Oh, certainly. But there are lots of cases in which it isn't.
A tour de force! I'm very impressed.
But honestly, both versions are unreadable, imho. Fortunately, we now have a primitive (DISTRIBUTION OF, one of the options in the LENGTH OF block) to do this. :~)
Wow, @dardoro really pulled it off …
Still, @bh: I agree with you about readability - that’s exactly why I don’t believe much in the PIPE function’s added value over other mechanisms.
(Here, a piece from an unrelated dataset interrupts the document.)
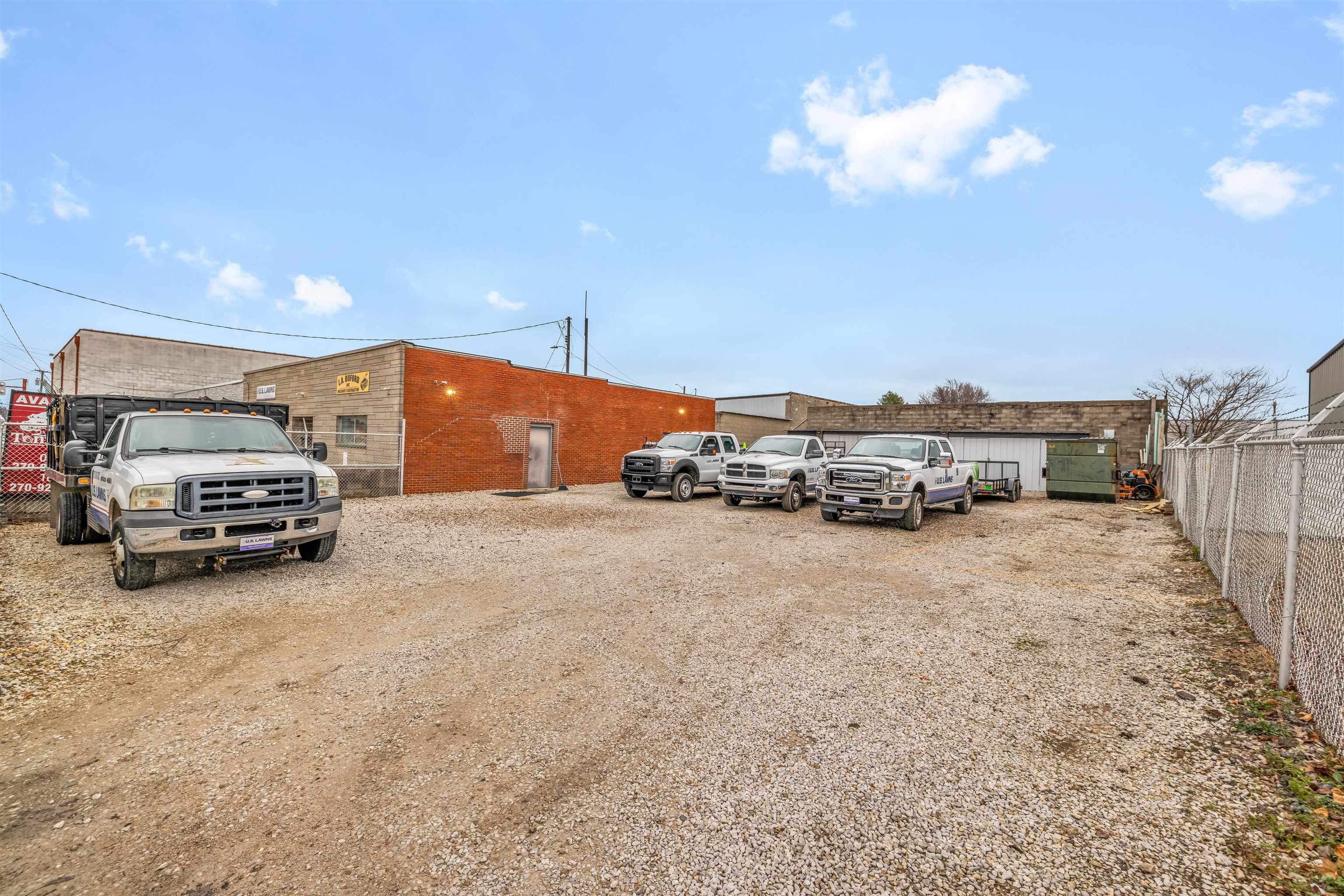 1227 Moseley Street, Owensboro, Kentucky 42303, ,Mixed Use,For Sale,Moseley Street,90656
My point is that you can't take a bizarre example that's unreadable no matter how you program it, and use it as an example of what's wrong with PIPE. PIPE does fine on reasonable algorithms. It's just like the Unix shell's pipe feature:
sort foo | grep bar | head
It doesn't' work for every case, but it works a lot of the time, and when it does work it's elegant.
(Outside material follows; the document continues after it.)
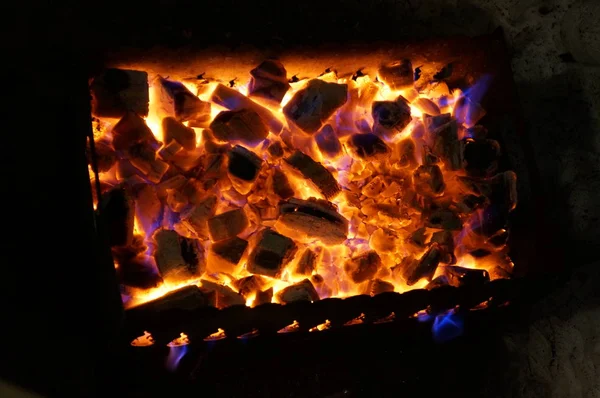 Carboni ardenti di legno bruciano con fiamma brillante in braciere di ferro . — Foto Stock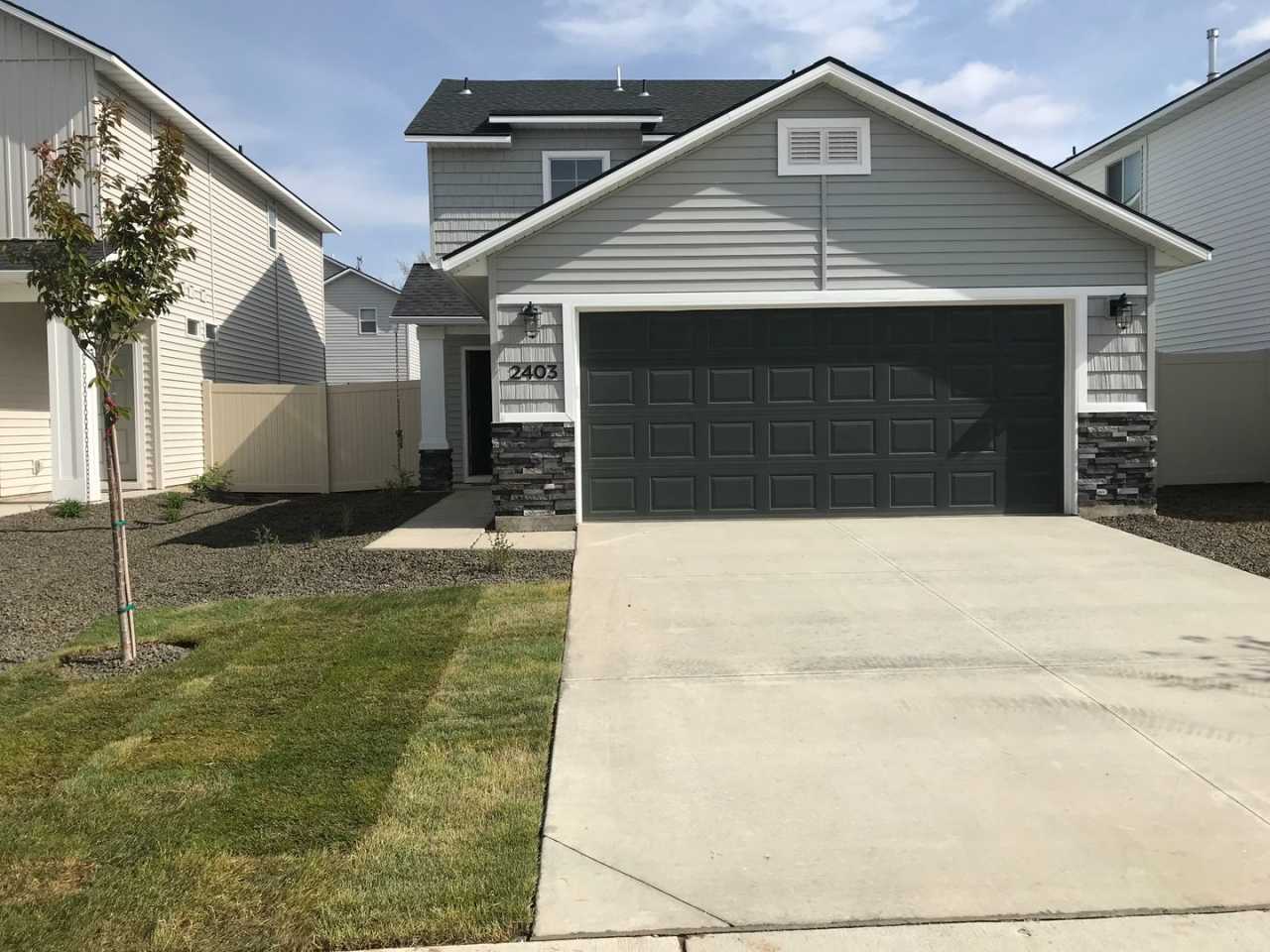 Beautiful brand new 3 bed/2.5 bath home in Caldwell!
(Btw, dardoro's pipe solution cheats a little, because the point of PIPE is to replace nested HOFs, and he still has some of those. :~) )
It’s actually a perfectly useful function, organizing (not sorting) data by key; and a serious implementation. As for me a more or less readable version is:
I found (from the Frequency Distribution Analysis library) to do more or less the same thing, and - admittedly - both a little better, and faster.
- DISTRIBUTION OF is not applicable, in this case.
- DISTRIBUTION OF is not documented (no on-line HELP or ref.manual description)
- Apparently, DISTRIBUTION OF compares lists by reference, not by content - which, in my view, is rather peculiar for such function:
I agree that your version is more readable! Although part of that is the long variable names, and those names could be used as the formal parameters of the functions in PIPE. But that tiny little gray spacer is very cute. :~)
Does (1) mean something other than (3)? If so, could you please expand on (1)?
Yeah, (2) is my fault; I'm going to try to get the manual up to date by Snap!Con.
I imagine (3) is Jens's effort to make the block super fast, but I'll enquire. I agree that testing with EQUAL might make more sense in this context of grouping, but EQUAL is way slower than IDENTICAL, not only for lists, but because of case insensitivity.
By the way, not sorting the keys makes the whole thing take 𝜽(n²) time, because you have to search the entire input for each key, whereas if you sort the keys you can do it in 𝜽(n log n) time.
I'm going to try out. Thanks!
It appears to work (though generating an extra ring around each result, which can easily be fixed), but I don't understand why. Could you try to explain it to me?
By now I fixed the problem inside the code itself. Still I'm curious as to your quick fix, how it works.
Thank you; it's simply a do-nothing block named $nl (= newline). I found it to be useful for dividing code into some kind of paragraphs, for readability purposes.
DISTRIBUTION OF reports the number of copies of a data element, the whole of each data element is considered key; both my GROUP BY function, and the similar block from the FDA library, operate on key-value pairs, considering key only item 1 of each data element, and grouping all data elements with the same key.
This dichotomy is completely different from the one between reference (memory position) and content (data).
Then why not offer two separate (and well-documented) DISTRIBUTION OF functions: one superfast but with limited functionality (to be applied primarily on lists with atomic elements), the other for general use but slower? Plus some way to indicate case (in-) sensitivity with the second version.
(the same reasoning as applies on the current superfast implementation of REMOVE DUPLICATES)
True. I chose not to sort, so as to keep the solution as general as possible (sorting is not trivial for (sub-)lists, command blocks, and some more). However that may be, now that I've found the GROUP BY block in the FDA library, I've concluded my own version to be redundant.
im working on something like that w/ metaprograming blocks rn :D
Did you check out my REPLACE () WITH () IN CODE () ?
Yes, I see now, well done!
No, its cool, but i wanna make my own cuz its fun
That’s a perfectly good reason.
I’m looking forward to see your version.
Good luck, and have fun!
Weird, i thought you guys know snap better than newbies like me. For me snap is a mystery, so idk why it works xd
I’m not sure if that isn’t irony (that you didn’t indicate it doesn’t mean it isn’t, is it?)
You’re doing pretty advanced stuff for a newbie - in a few months you may be viewed as an “expert” yourself.
We do; one's a primitive and the other's in a library. ;~) But I'll try to remember not to remove the library one, and to improve the documentation.
Which library would that be?
I found a version in the FDA library, but it, too, considers reference, not content:
Oh, I thought you had said that it meets your needs. Sorry.